Friday, July 3, 2009

Once upon a time in the Midwest

Public Enemies offers us a look into the Golden Age of Bank Robbers. Johnny Depp plays another charming bad guy, the Hoosier state's most notorious son John Dillenger. Pitted against Dillenger is Christian Bale as Bureau of Investigation Special Agent Batman ... umm Purvis. The Bureau was initially supposed to be made up of the best and the brightest using the most modern investigative methods to bring criminals to justice.

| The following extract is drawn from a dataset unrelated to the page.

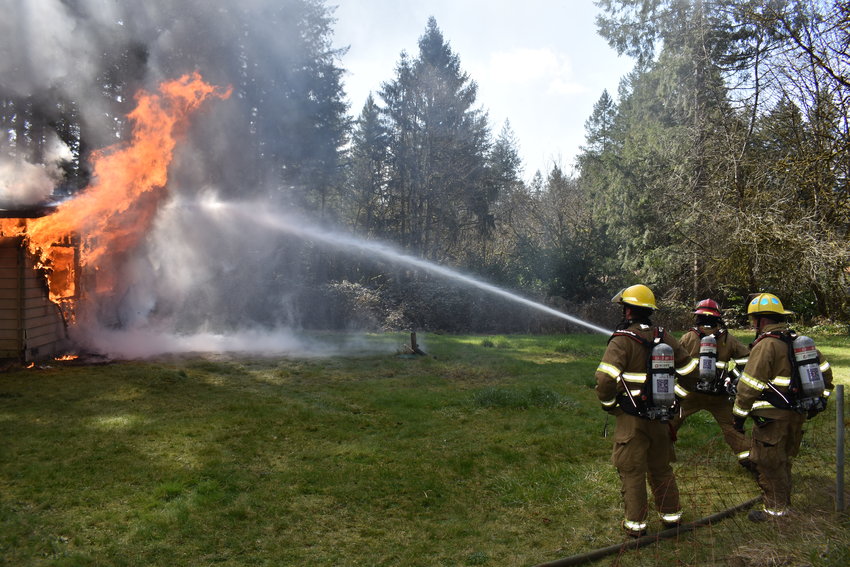 Fire officials predict a drier summer season. Check with local fire districts before burning recreationally.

Unfortunately, it doesn't work out so well. Purvis is no Elliot Ness. Indeed, in the movie, most of his recruits are decidedly not up to the challenge of taking down the likes of Pretty Boy Floyd, Baby Face Nelson and John Dillenger. The film shows us that sometimes the only thing that separates the criminals from the police is little more than a thin bit of metal. And the federal law enforcers seem more into the hunt for prey than in bringing wanted and dangerous criminals to justice.

One could read into this movie parallels to the current state of the Global War on Terror and the current economic crisis. The methods the law enforcement agents use are at turns degrading and terrorizing. A woman who has to use the rest room during an interrogation is left chained to her chair. A man with a bullet in the back of his head is left to endure the pain until he gives up some vital intel. It's a period piece in which the banks were seen as the bad guys and bank robbers were glorified as folk heros.

Public Enemies is a period piece. Indeed, has many pieces it tries to bring into a cohesive whole but the final puzzle picture remains as grainy as some of its cinematograpy. It has pacing problems. The movie is often confusing about where the action is happening. Bale gives another performance that seems like every other performance. This is another movie in which the color is bleached out. The night scenes are grainy. It may all be an attempt to create a unified visual documentary feel. If so, it fails not because of the effort but because the movie lacks epic scope.

The movie wants to provide us with "just the facts" which themselves are compelling, but alone aren't compelling enough. It wants to be unsentimental about its subject matter: a likeable folk hero bank robber vs. an earnest law enforcement agent who has to make moral compromises to get Public Enemy No. 1. This is epic material.

In the final scene, Dillenger is in the cinema watching the Clark Gable film "Manhattan Melodrama." We get the sense that Dillenger saw himself in Clark Gable terms. Public Enemies wants to be seen as more than a just another gangster film. The creative team could have learned a lesson or two from The Godfather.